Image-text web data:
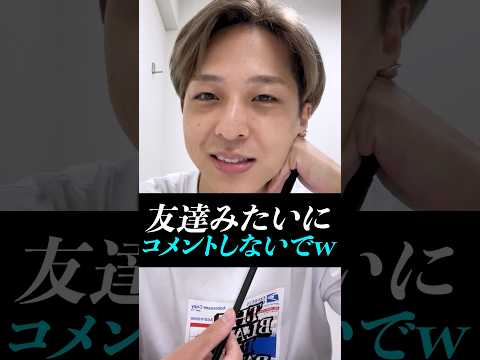 【寺西拓人】友達みたいにコメントしないでｗｗ#timelesz#タイムレス#タイプロ#タイムレスオーディション#テラ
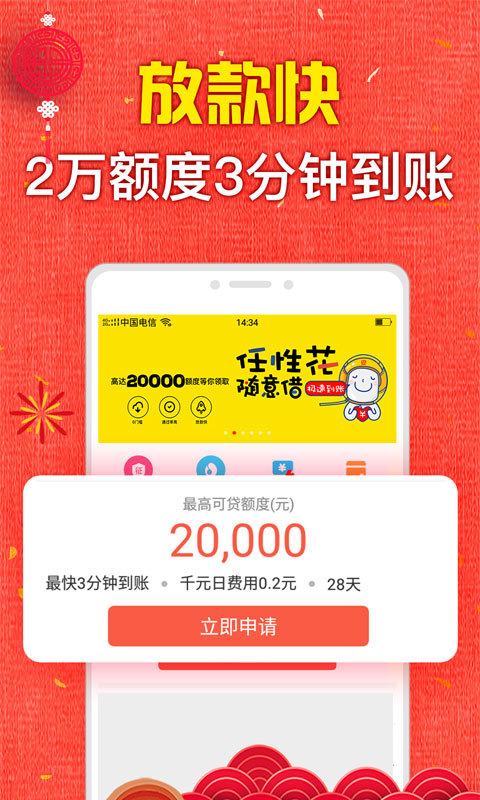 龙珠商城借款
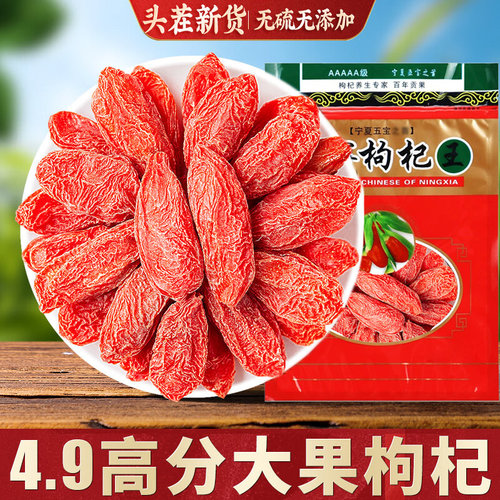 【已售3w+】正宗宁夏枸杞子500g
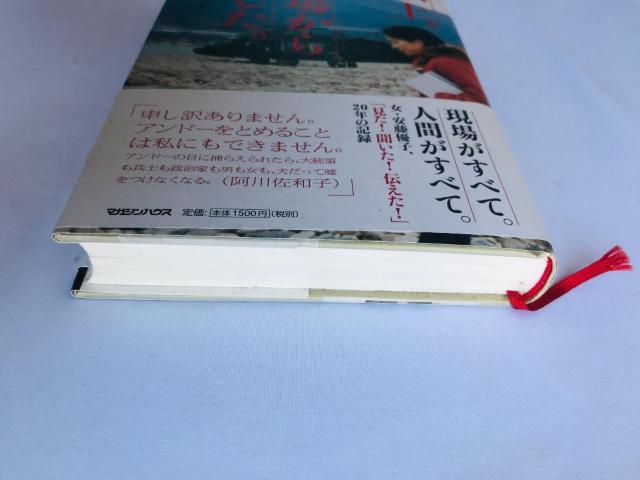 以上、現場からでした。 安藤 優子 帯 The above was from the scene. Yuko Ando < 本/雑誌 以上、現場からでした。 安藤 優子 帯 The above was from the scene. Yuko Ando < 本/雑誌の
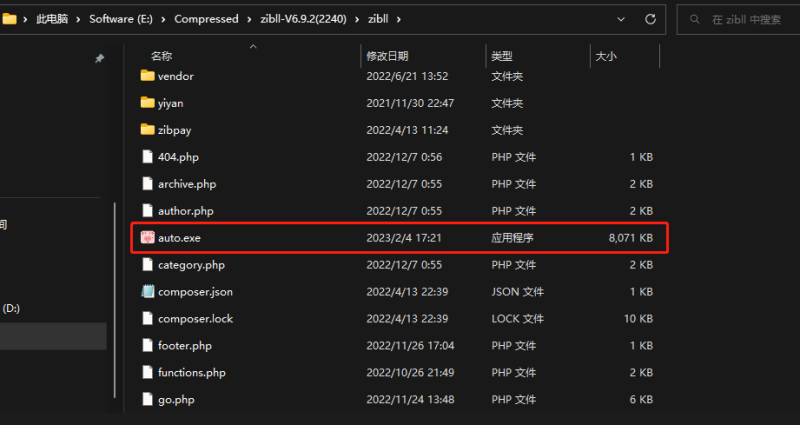一键修改优化代码脚本 | 支持Zibll任意版本-zibll子比社区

▸ EXERCISE: Please output, exactly and with no pictures, only the lines from the one containing "Ando < 本/雑誌の" through the final line of the records above.

▸ TASK RESPONSE:
 以上、現場からでした。 安藤 優子 帯 The above was from the scene. Yuko Ando < 本/雑誌 以上、現場からでした。 安藤 優子 帯 The above was from the scene. Yuko Ando < 本/雑誌の
一键修改优化代码脚本 | 支持Zibll任意版本-zibll子比社区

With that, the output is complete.